1. Be simple, clear and to the point
Encoding data using visual cues
As a basic principle it is useful to consider the relationship of visual cues, i.e. the type of visual encoding of quantitative data such as bars or areas, and the accuracy of the understanding of a viewer of these visualizations. The graph below shows how accurately the visualizations are perceived for different types of representation. Lengths (in form of bars) represent the data most accurately while volumes are rather generic and are more difficult to be perceived accurately.
Image credit: P Aldhous
The linked picture is based on Graphical Perception: Theory, Experimentation, and Application to the Development of Graphical Methods by William S. Cleveland and Robert McGill.
Therefore, when creating a visualization you should consider the best type of visual cue that represents the data best with the goal of transmitting the intended message. For good perception of a message it is clearly better to provide simple visualizations. We discuss some specific points in more detail below.
3D
Providing simple and easily perceptible visualizations implies that you should avoid 3-dimensional graphical representations in most circumstances. Consider the following visualization:
Image credit: Josh Taylor
As you can see (or not see!) some data is hidden behind the different bars. Furthermore it is rather difficult (and misleading) to compare the height from different depths.
Avoid occlusion
As a general principle we can conclude from the 3D example that you should always avoid occlusion of some parts of the visualization. An example can be found in the following plot showing multiple densities in the same panel. The different densities where colored according to group but only the density in the front is fully visible.
An alternative is to plot lines which allows us to see all groups completely.
Pie charts
Pie charts can be considered an alternative to bar charts, although often not a good one since they use angles as visual cues. For instance look at the following three visualizations of a change of the count of three factors over time. First a barplot, second a stacked barplot and lastly three pie charts (on top of each other). Where are differences most visible?
Arrangement of plots
The arrangement of multiple plots and panels can also contribute to increasing the clarity of a visualization. Have a look at the following plot.
Two inconsistencies are present. First of all the order of the sample of the top row and the bottom row is not the same. Secondly in the top row var1
is on the y-axis while in the bottom row it is on the x-axis. Staying consistent and in general have an arrangement that makes sense helps to have a clear representation that transmits the desired information efficiently. A better alternative for the above plot is:
2. Show the data
Boxplots
Boxplots are used to give a rough overview of the distribution of a data set based on a few summary characteristics (quantiles). Consider the following three boxplots each representing a different dataset. The boxplots look identical even tough the underlying distributions may not be.
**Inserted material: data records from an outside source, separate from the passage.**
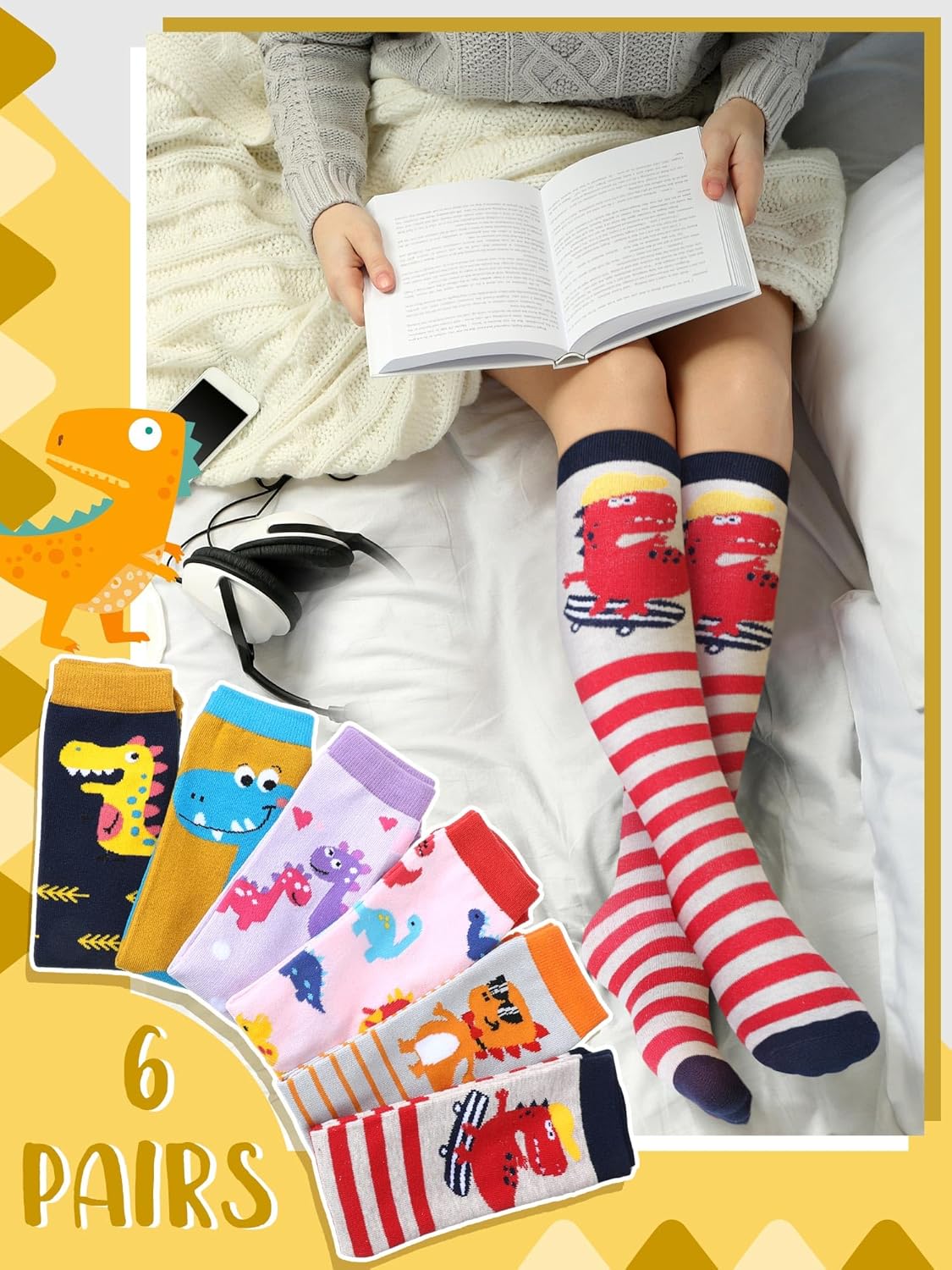 Fourluoo Dinosaur Socks for Kids 3-12 Years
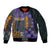 Africa Violets Flowers Bomber Jacket Mix Native Tribal Pattern LT9 - Wonder Print Shop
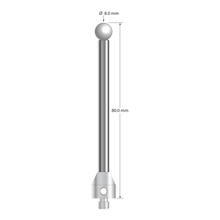 M5 stylus with 8.0 mm diameter zirconia ball, 5.0 mm diameter carbide stem, and 11.0 mm diameter x 12.0 mm long stainless steel base. Overall stylus length is 80.0 mm. Stylus weight is 24.32 grams.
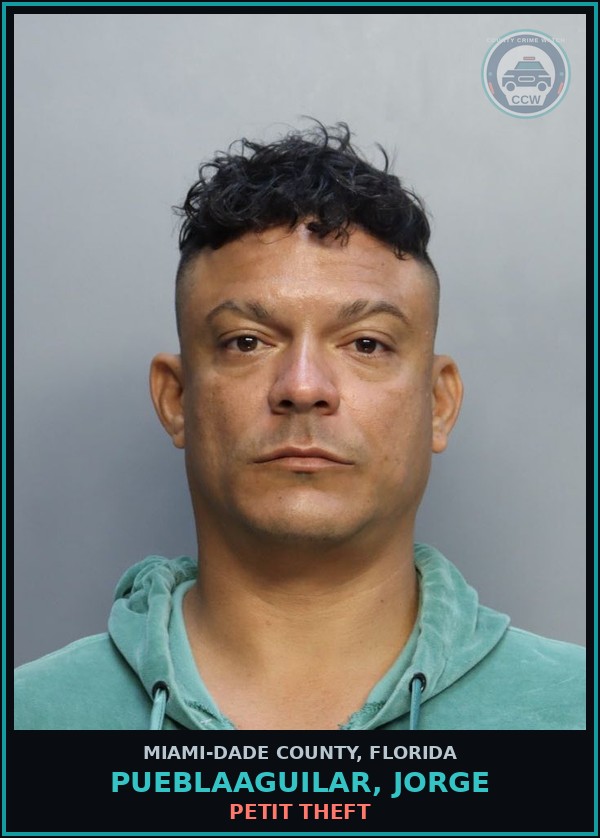Booking mugshot of PUEBLAAGUILAR, JORGE in Miami-Dade County
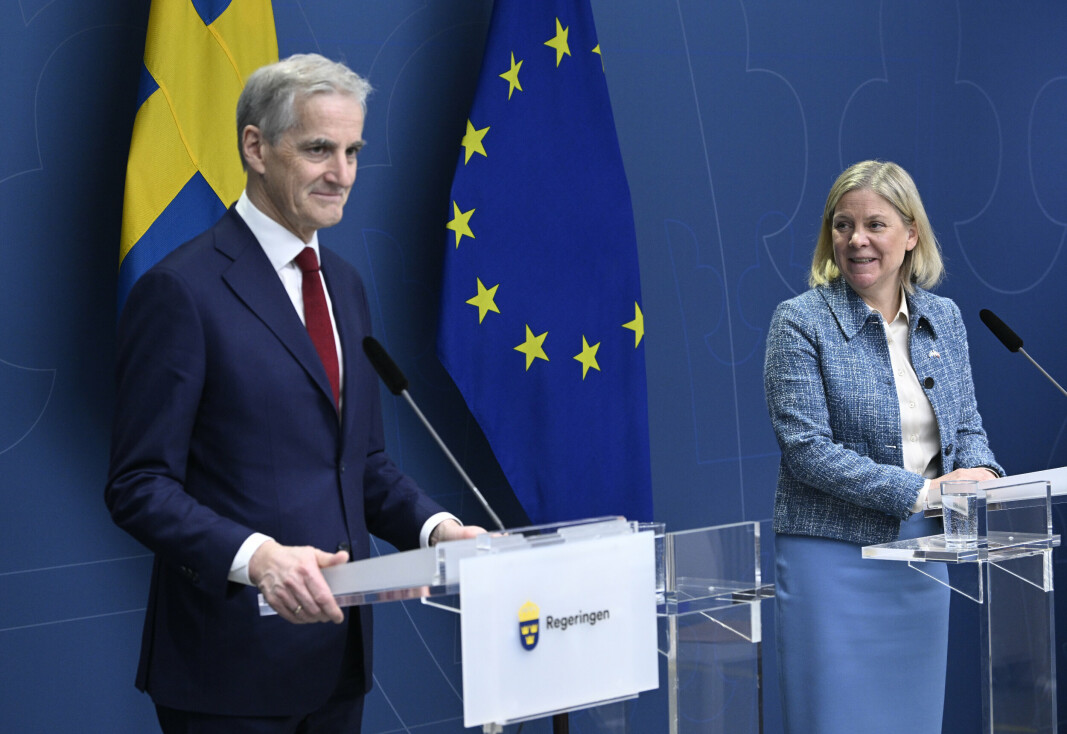 PRESSEKONFERANSE: Sveriges statsminister Magdalena Andersson og Norges statsminister Jonas Gahr Støre under en pressekonferanse i Stockholm.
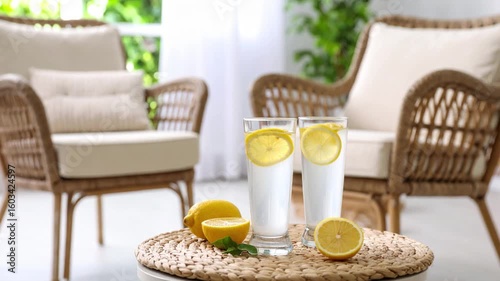 Water flavored with lemon slices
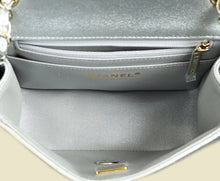 Chanel Metallic Silver CC Classic Mini Square Bag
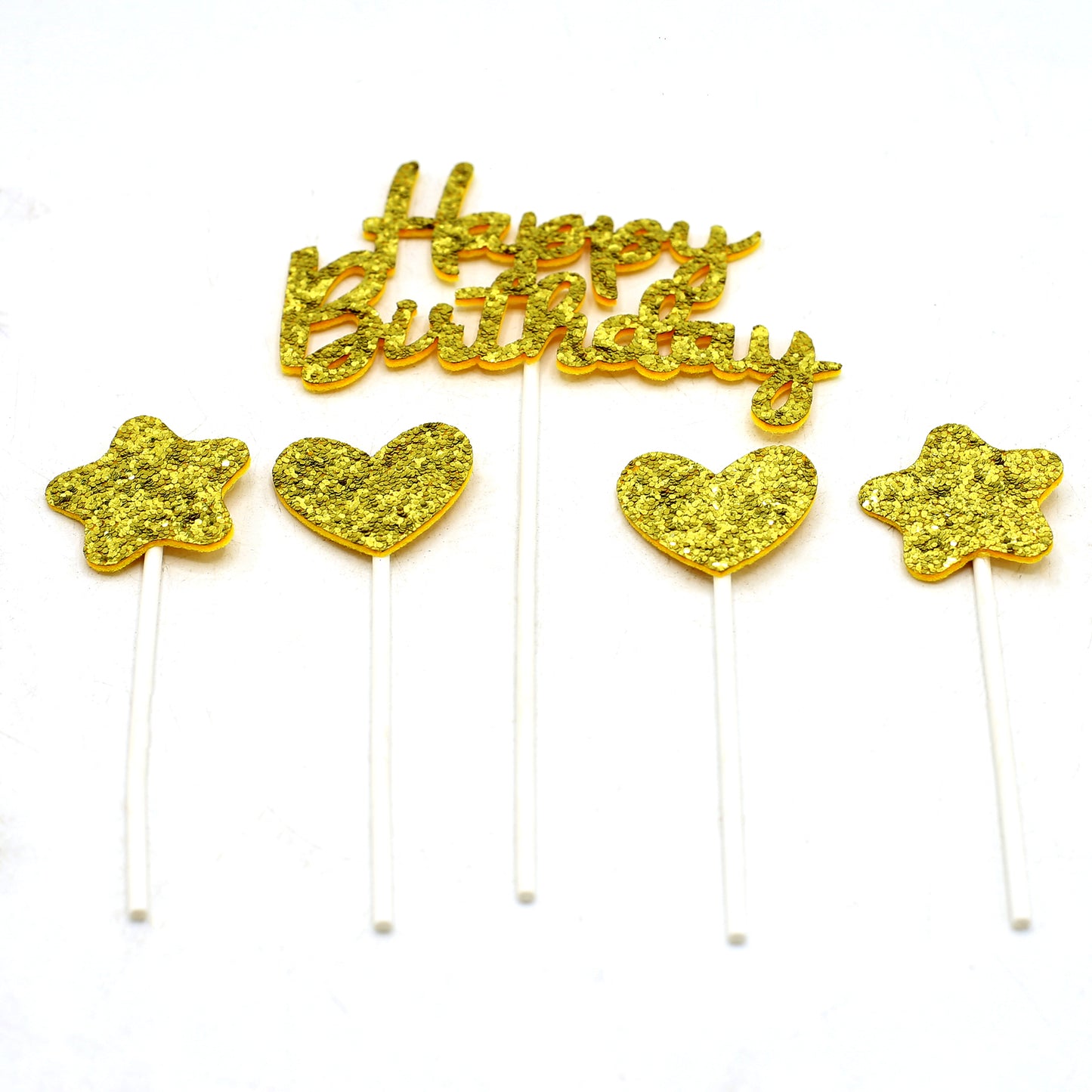 Happy Birthday, Star And Heart Cake Topper 3Pcs Set Red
The code for the above plot:
ggplot(df_long) +
geom_boxplot(aes(y = y, x = dataset))
Violin plots are an alternative to boxplots. They are based on an estimation of the underlying probability density, i.e. they use more information inherent in the data set. Have a look at the following three violin plots of the same datasets as above. Again, two of the violin plots look similar but the underlying data may not be identical.
Let’s finally have a look at the actual data. As you can see the samples x1 and x3 are in fact very distinct, or more precisely, x3 seems to have only 5 possible values.
So why did the boxplot not show the distributional differences? Since boxplots only show certain quantiles (usually the quartiles, i.e., 25%, 50% and 75%, plus “outliers”) plots of different datasets having the same or similar quantiles appear identical. The quartiles of the three data sets are
dataset | q25 | q50 | q75 |
---|---|---|---|
x1 | -2.1 | 0 | 2.1 |
x2 | -2.0 | 0 | 2.0 |
x3 | -2.0 | 0 | 2.0 |
Violin plots show a mirrored estimation of the underlying density using a smoothing technique. Loosely speaking smoothing means that starting from a histogram a smooth version of the underlying probability distribution is created. The degree of smoothing, ranging in this case from histogram to straight line, determines the actual appearence of the plot. For the violin plot the degree of smoothing is chosen automatically. Already histograms with 5 bins for the data x1 and x3 would be very similar and hence the smoothed versions thereof as well.
Caution is furthermore advised if the datasets that are compared are of very different size, because often more data gives you a higher confidence in the observed distribution. It is therefore advised to initially always have a look at the actual data and not just the summaries (like boxplots and violin plots) to detect anomalies.
Another option is the use of geom_jitter
(or geom_sina
from the ggforce
package) in combination with violin plots:
The code for the above plot:
ggplot(df_long) +
geom_violin(aes(y = y, x = dataset)) +
geom_jitter(aes(y = y, x = dataset), width = 0.3)
The advantage is that individual points as well as the distribution are shown.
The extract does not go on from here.